Выбрать главу

Надя поправила платок, обмотала концы вокруг шеи.

— Господи, баде Скридон, такая меня злость разобрала! Давай рвать, что под руку попадет, и бурьян, и кукурузу, и пустырник с клевером, лишь бы зелени побольше, с корнями, с землей — за пазуху напихала и на голову, на макушку, не то солнце проклятущее доконает. — Надя разгорячилась, сдернула платок. — Поостыла капельку и думаю: вот дура, я здесь надрываюсь, а Рарица себе прохлаждается. Новый колодец можно выкопать, пока она там воду набирает. Или кувшин у нее без дна?! Вдруг точно в спину меня толкнуло: что, если чокнутый какой-нибудь подкараулил девочку и душит, а я на нее грешу! Ой, горе… Заплакала, запричитала… Ноги ватные, подкосились, упала на поле — думаю, смерть моя пришла. Сколько пролежала, уж и не знаю, слышу, трава на голове шуршит, листья кукурузные трутся друг о дружку, перешептываются: «Уймись-охолони, цела и невредима твоя Рарица, напилась родниковой водицы вдосталь, да не торопится тебя напоить». Поднялась я, откуда силы взялись: «Ах, чертова девка… Тяпку в сторону, и по полям валандаться! Своими руками тебя задушу, бездельница!» Подскочила, будто крапивой стеганули, вижу — Рарица идет, как ни в чем не бывало. Идет не спеша, нога за ногу, и улыбается, малахольная… «Ах ты дрянь, — кричу. — Утонула там, что ли?» Схватила сапу вместо палки — отделаю сейчас по спине! И что вы думаете, баде? Она сама в ноги бросилась: «Ой, леле, леле! Убей скорей, убей, не видать мне больше жизни!» — и слезами исходит, по земле катается.

Надя вздохнула, провела ладонью по щеке, словно паутину смахнула.

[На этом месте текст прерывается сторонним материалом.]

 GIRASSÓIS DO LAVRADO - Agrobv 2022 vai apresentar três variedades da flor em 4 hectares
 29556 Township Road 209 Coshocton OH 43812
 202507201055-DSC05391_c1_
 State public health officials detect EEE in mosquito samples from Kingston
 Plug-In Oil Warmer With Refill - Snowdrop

— Да, баде, бьется в корчах на земле, как подстреленная: «Лучше бы мне, бездольной, на свет не родиться! Как жить, боже… Осрамил меня бандит Бобу…» Кинулась я за кувшином, водой ей в лицо прыснуть. Куда там, одни черепки от кувшина — горлышко с ручкой в стороне валяется. Трясу ее за плечо: «Что, Рарица, что, говори!» Она головой о землю бьется, вся в пыли, оборванная, и вдруг на меня уставилась: «Лелика, а тебя… Он тебя не тронул?» Я и забыла, что на голове у меня сорняки да кукурузные будылья, с грязью пополам. Потом признавалась Рарица: «Вижу, леля, лежишь на земле, на голове трава зеленая. Ах, думаю, подлюга Бобу! Если он и сестру силой…»

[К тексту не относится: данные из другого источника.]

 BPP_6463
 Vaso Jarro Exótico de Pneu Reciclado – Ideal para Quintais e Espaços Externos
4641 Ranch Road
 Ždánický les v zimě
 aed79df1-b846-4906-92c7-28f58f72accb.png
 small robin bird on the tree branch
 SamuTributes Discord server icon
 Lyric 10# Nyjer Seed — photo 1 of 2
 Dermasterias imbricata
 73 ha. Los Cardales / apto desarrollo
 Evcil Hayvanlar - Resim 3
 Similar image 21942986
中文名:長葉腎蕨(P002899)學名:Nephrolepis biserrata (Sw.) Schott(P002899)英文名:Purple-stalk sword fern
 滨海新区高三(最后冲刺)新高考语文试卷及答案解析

…Столько бед натворила тень с автоматом у опушки леса. Посреди поля, заросшего и заброшенного, сидели, пригорюнившись, две сестры, как выпавшие из гнезда воробышки. Так горько не плакали и в тот день, когда хоронили отца с матерью. Выжженная эта земля была им защитой и опорой, а теперь все надежды иссушила, честь и доброе имя по ветру прахом развеяла. Горше Рарицы плакала-убивалась старшая, Надя, — додумалась послать своего цыпленка желторотого в безлюдные холмы, где средь бела дня бродят тени с автоматами на шее!.. И стала она призывать все кары господни на голову злодея: чтоб его, убивца, живьем в землю закопали, чтоб принял он смерть лютую, неминучую, да пошлет ему матерь пречистая, заступница, муку мученическую, и пусть высохнут его кости под жарким солнцем, как иссыхают от слез души двух сестер, и воронье пусть кружит над ним и каркает до скончания мира, в синей вышине, черное воронье!

Бросилась к ней Рарица: «Замолчи, Надя! Слышишь?» — и пальцем тычет вверх, в небо. Там, в белом июньском мареве, и правда каркал ворон! Жуть взяла Надю. «Зачем накликала, над нами он каркает, — испуганно завыла Рарица. — Пропали мы… ой, не надо-о-о-о!.. Я виновата, Надя, я!»

«Молчи, глупышка, пойдем-ка домой потихоньку, никто не виноват, так и знай, — стала утешать сестру Надя. — Не плачь, маленькая, — чтоб ему до смерти не дожить!» И Рарица в ответ ее утешает, гладит по руке, а слезы ручьем: «Не проговорись, леля, даст бог, никто не узнает».